There is – god help us all – “A revolutionary new book format”. It’s called Flipback, and its pages are printed horizontally. This means it also opens horizontally, making it somewhat less easy to hold. Books aren’t the format they are by chance and the reason that, over the centuries, a different format hasn’t usurped the familiar one is simple – there is no need for it.
So, first question – other than just because they can – why did they do this? It’s so books can be the same shape as a smartphone (I’ve got news for you, guys, it’s still the same shape as any other book, just smaller and hinged differently). This is what the website says :-
A revolutionary new book format, giving book lovers a real reading experience with the portability of a mobile phone. The flipback is a new kind of book, which opens top to bottom and has sideways-printed text, so you get a full length novel in little more than the size of an iPhone.

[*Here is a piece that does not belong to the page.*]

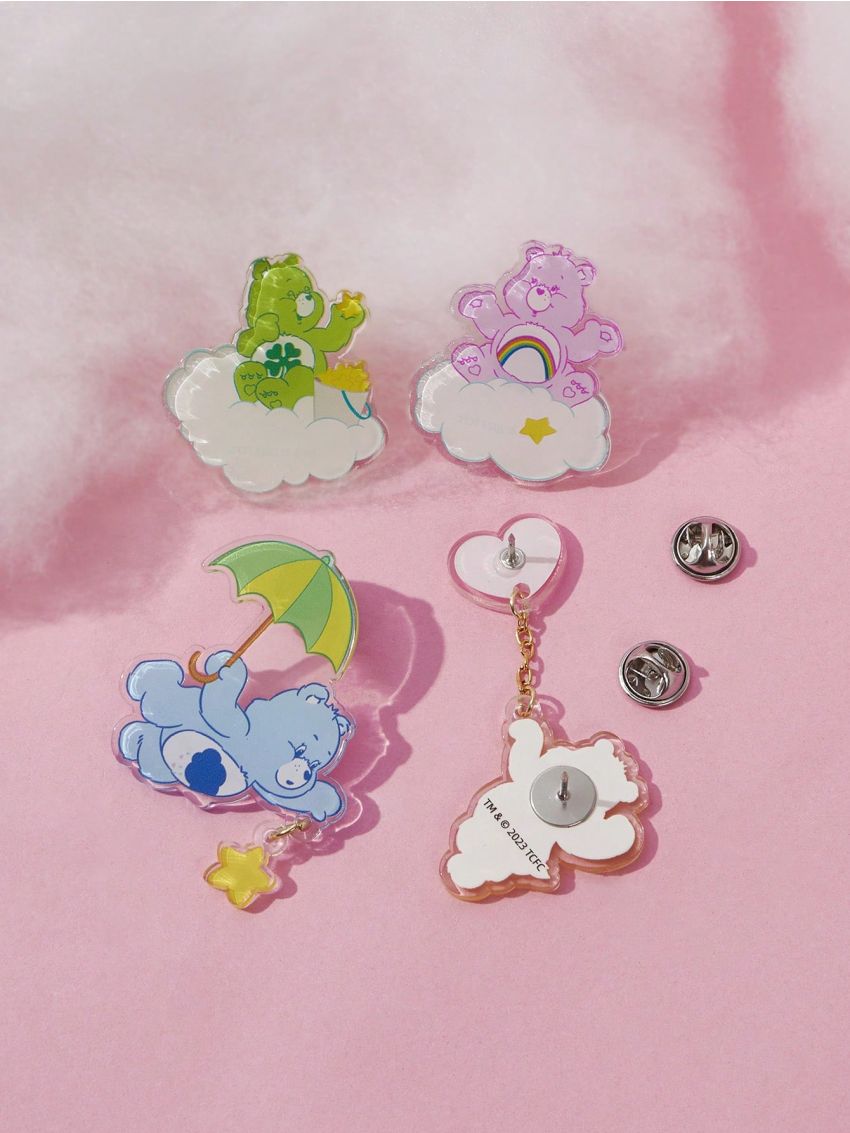 SHEIN X Care Bears 4pcs Cartoon Bear Design Brooch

“A real reading experience” – “portability” – isn’t that exactly what books have always provided? And if you print a full-length novel in this format – Stephen King’s “Misery” is available, at 370 pages in paperback, it’s going to be thicker than a normal book. The only possible way you can get the whole novel into a smaller form-factor is to use more pages, plus either very thin paper and/or a smaller typeface. Either way, it’s inevitable that the result will be thicker than the paperback, which is exactly one inch.

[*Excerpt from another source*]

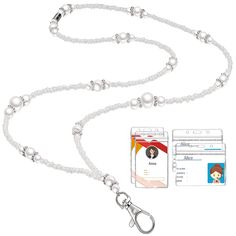 PRICES MAY VARY. Package quantity: you will receive 1 pearl badge lanyard, 2 vertical card holders, and 2 horizontal card holders, a combination that can be applied to containing your badges and cards, this quantity is enough to meet your daily working and replacement uses Hand-made ornaments: this set of a pearl neck lanyard with 4 pieces of ID holders is made of white artificial pearl ornaments, key chain with silver clip; This set can reflect a lady's thoughtfulness, elegance and exquisitenes Women Classic Style, Pearl Neck, Pearl Ornaments, Neck Lanyard, Badge Lanyard, Nursing Teacher, Beaded Lanyard, Key Lanyard, School Supply Labels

This whole concept is a total crock – nothing more than a marketing gimmick by a industry desperate to boost sales (see previous post) – Flipback is an imprint of Hodder & Stoughton. If you click one of the many “Find out more” links, it takes you to the H&S website, where you get: Error: The server encountered an unexpected condition which prevented it from fulfilling the request. For two days now, at least.
Why is it a crock? Simple – you get exactly the same number of words on the page regardless of orientation. You can check this yourself in your word processor – just copy a full page of text into a landscape-format page – you might have to tweak the margins a tad, but it’ll fit, still leaving normal-sized margins all round, so they could simply have printed a conventionally-styled book, at the same size but, no matter which way it opens, the smaller format, as I said, means more pages.

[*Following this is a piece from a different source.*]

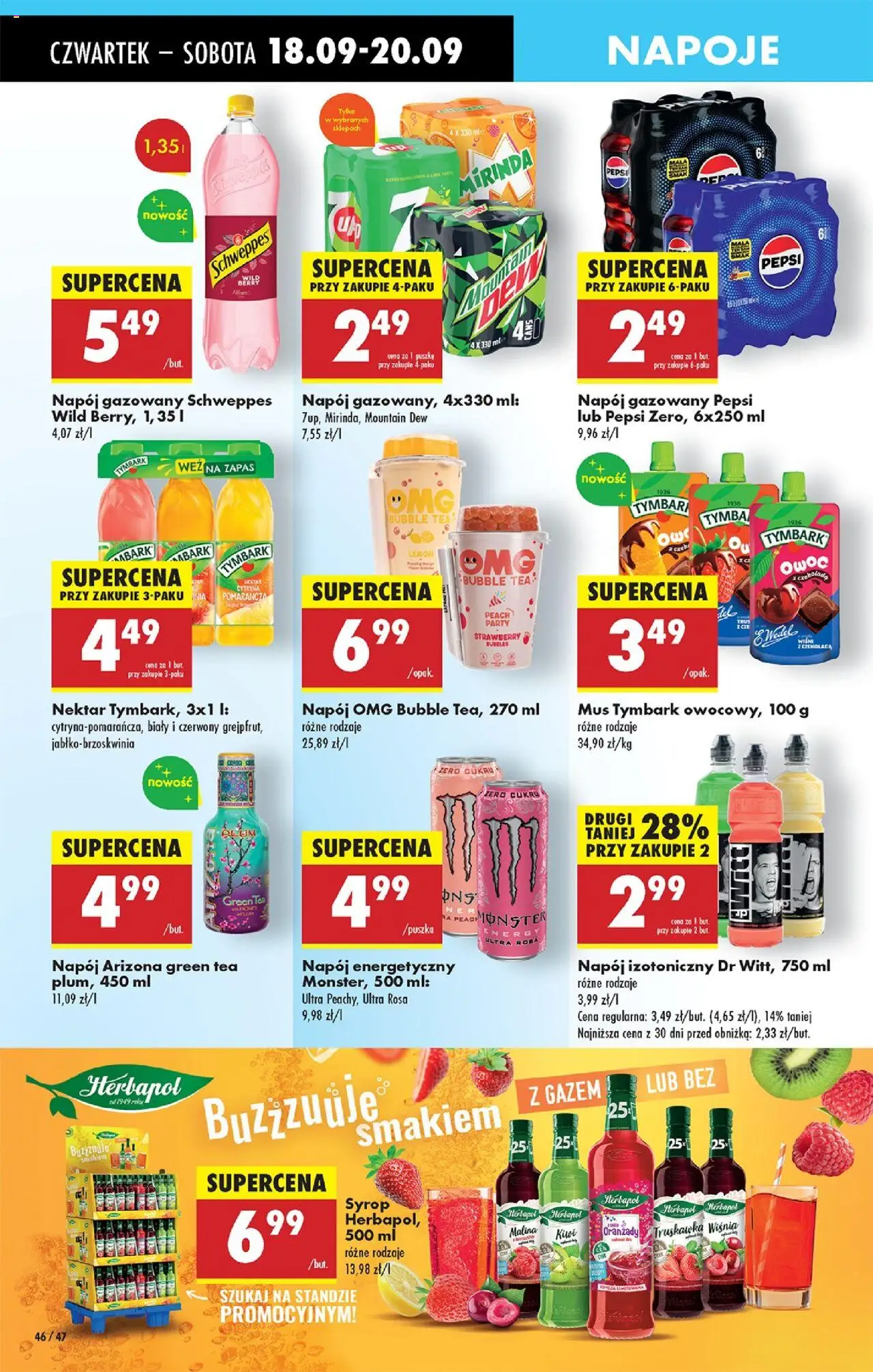 Biedronka gazetka - Oferta w tym tygodniu od 18.09.2025 | Strona: 58 | Produkty: Syrop, Napoje, Czekolada, Kiwi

There is no reason – other than the above mentioned desperation, and catering to novelty freaks – for this nonsense to exist. There is certainly no advantage to the reader, just hand-cramp from the unfamiliar format. If you doubt that format is inconvenient, hold a normal book sideways, and open, for 10 minutes – see how uncomfortable it gets.
This is most certainly not a book revolution – it’s nothing more than a shameless, and pointless, attempt to part the gullible from their money. The real revolution in books will come when they find an effective, durable and above all affordable, substitute for paper.
Oh, and if you want smartphone-sized books, surely the simplest solution is to install the appropriate Kindle mobile app and read them on the smartphone? Cheaper too, in all probability.